→ EXERCISE BRIEF: From the records below, copy out exactly the lines from the one containing "Dai Dark chapter 5 page 22" to the one containing "Fox - 2025 Flexair", both included. Add nothing else.
....................
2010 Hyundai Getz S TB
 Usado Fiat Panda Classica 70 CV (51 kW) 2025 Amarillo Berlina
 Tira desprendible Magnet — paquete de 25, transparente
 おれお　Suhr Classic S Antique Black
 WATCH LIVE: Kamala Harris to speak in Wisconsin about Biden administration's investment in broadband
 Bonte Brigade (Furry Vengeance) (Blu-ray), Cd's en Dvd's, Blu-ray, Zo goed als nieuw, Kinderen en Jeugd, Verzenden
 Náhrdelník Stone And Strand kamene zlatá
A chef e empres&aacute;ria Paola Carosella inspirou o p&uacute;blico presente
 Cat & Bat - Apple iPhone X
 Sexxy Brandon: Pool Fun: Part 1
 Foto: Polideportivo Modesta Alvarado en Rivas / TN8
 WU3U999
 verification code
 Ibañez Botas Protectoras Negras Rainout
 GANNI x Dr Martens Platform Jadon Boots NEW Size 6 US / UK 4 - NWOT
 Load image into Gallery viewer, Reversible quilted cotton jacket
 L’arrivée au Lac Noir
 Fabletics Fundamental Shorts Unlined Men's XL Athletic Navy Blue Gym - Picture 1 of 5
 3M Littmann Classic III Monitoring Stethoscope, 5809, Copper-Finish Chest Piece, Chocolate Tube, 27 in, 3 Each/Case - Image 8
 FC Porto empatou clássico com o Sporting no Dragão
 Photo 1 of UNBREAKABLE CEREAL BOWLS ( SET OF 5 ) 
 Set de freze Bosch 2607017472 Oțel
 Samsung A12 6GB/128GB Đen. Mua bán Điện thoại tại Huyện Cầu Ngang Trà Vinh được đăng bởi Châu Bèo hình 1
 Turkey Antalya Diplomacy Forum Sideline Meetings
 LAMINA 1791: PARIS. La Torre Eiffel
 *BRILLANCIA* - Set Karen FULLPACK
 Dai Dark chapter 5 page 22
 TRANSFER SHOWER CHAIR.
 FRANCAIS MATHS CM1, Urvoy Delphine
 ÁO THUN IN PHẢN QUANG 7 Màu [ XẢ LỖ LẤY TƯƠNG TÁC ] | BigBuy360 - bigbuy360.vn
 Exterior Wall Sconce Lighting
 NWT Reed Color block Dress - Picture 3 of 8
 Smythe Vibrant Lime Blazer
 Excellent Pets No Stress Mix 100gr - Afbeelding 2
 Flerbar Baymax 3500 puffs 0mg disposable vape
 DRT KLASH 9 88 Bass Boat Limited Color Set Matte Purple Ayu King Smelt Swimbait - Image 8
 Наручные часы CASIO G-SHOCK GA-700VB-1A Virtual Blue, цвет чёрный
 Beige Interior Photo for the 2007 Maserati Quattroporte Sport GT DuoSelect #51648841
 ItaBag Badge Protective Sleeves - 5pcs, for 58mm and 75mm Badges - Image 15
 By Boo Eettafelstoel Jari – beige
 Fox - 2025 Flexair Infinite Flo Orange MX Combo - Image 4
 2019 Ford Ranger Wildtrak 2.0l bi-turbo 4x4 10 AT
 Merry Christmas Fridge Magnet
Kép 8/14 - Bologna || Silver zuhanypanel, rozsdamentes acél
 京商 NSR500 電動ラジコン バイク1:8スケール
....................
→ SOLUTION BELOW:
 Dai Dark chapter 5 page 22
 TRANSFER SHOWER CHAIR.
 FRANCAIS MATHS CM1, Urvoy Delphine
 ÁO THUN IN PHẢN QUANG 7 Màu [ XẢ LỖ LẤY TƯƠNG TÁC ] | BigBuy360 - bigbuy360.vn
 Exterior Wall Sconce Lighting
 NWT Reed Color block Dress - Picture 3 of 8
 Smythe Vibrant Lime Blazer
 Excellent Pets No Stress Mix 100gr - Afbeelding 2
 Flerbar Baymax 3500 puffs 0mg disposable vape
 DRT KLASH 9 88 Bass Boat Limited Color Set Matte Purple Ayu King Smelt Swimbait - Image 8
 Наручные часы CASIO G-SHOCK GA-700VB-1A Virtual Blue, цвет чёрный
 Beige Interior Photo for the 2007 Maserati Quattroporte Sport GT DuoSelect #51648841
 ItaBag Badge Protective Sleeves - 5pcs, for 58mm and 75mm Badges - Image 15
 By Boo Eettafelstoel Jari – beige
 Fox - 2025 Flexair Infinite Flo Orange MX Combo - Image 4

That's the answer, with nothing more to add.